• **Data provided**:
******************************
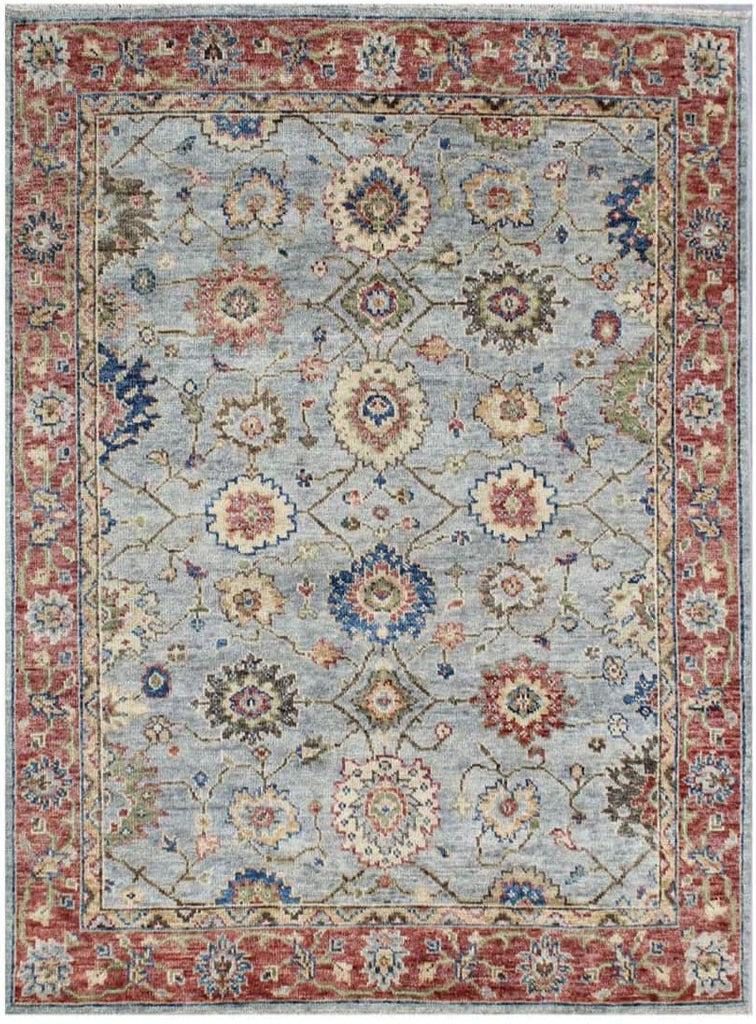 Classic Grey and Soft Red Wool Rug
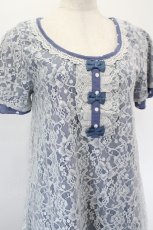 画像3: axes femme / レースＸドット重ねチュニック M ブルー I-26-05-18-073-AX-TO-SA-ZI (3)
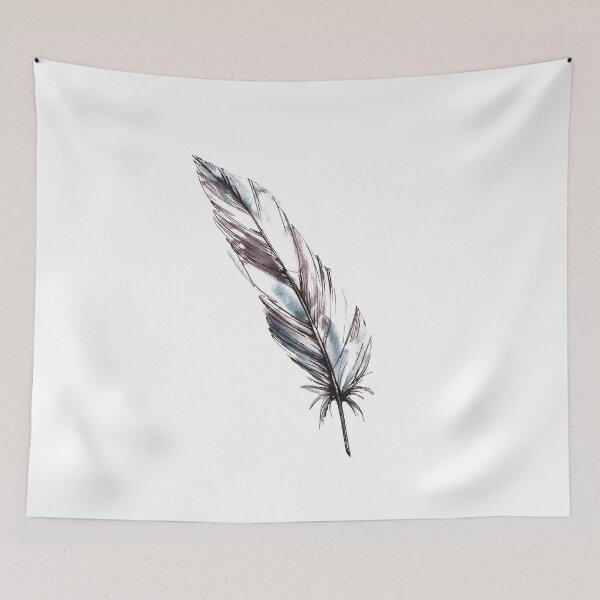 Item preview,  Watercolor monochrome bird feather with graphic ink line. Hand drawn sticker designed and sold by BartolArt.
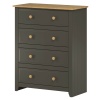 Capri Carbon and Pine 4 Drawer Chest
******************************
• **Exercise requirements**:
Which lines fall between the one containing "画像3: axes femme" and the last line of the listing, both included? Give them again exactly, without the pictures.

• **Answer section**:
 画像3: axes femme / レースＸドット重ねチュニック M ブルー I-26-05-18-073-AX-TO-SA-ZI (3)
 Item preview,  Watercolor monochrome bird feather with graphic ink line. Hand drawn sticker designed and sold by BartolArt.
 Capri Carbon and Pine 4 Drawer Chest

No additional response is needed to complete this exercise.